[Dataset records Boundary: Start]
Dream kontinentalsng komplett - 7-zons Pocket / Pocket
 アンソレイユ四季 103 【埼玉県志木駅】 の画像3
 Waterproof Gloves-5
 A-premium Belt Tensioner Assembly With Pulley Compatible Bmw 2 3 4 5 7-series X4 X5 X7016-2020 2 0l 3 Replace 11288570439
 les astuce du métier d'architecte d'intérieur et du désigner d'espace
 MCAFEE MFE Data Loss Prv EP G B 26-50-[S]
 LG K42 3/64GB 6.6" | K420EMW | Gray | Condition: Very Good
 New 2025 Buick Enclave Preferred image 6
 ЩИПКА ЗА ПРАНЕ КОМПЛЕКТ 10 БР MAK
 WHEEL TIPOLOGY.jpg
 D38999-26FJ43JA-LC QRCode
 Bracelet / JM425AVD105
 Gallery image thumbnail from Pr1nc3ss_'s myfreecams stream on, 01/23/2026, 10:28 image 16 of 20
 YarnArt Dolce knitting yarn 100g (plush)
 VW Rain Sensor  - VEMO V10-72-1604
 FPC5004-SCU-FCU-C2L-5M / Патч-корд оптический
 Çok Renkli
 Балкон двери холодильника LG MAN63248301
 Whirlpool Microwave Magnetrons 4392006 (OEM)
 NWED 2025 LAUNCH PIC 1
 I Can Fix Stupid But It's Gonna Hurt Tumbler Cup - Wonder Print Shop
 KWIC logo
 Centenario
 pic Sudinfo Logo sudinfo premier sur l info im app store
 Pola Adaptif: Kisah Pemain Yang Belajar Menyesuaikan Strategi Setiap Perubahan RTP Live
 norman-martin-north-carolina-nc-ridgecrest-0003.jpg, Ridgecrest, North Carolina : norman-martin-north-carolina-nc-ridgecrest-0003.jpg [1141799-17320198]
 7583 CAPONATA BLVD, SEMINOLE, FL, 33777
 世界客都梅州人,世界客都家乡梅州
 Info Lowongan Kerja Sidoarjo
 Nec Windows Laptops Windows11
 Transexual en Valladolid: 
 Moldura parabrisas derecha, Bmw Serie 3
[Dataset records Boundary: End]
What to produce:
From the line containing "7583 CAPONATA BLVD, SEMINOLE, FL, 33777" to the last line above, repeat every line exactly and nothing else.

Answer for this exercise:
 7583 CAPONATA BLVD, SEMINOLE, FL, 33777
 世界客都梅州人,世界客都家乡梅州
 Info Lowongan Kerja Sidoarjo
 Nec Windows Laptops Windows11
 Transexual en Valladolid: 
 Moldura parabrisas derecha, Bmw Serie 3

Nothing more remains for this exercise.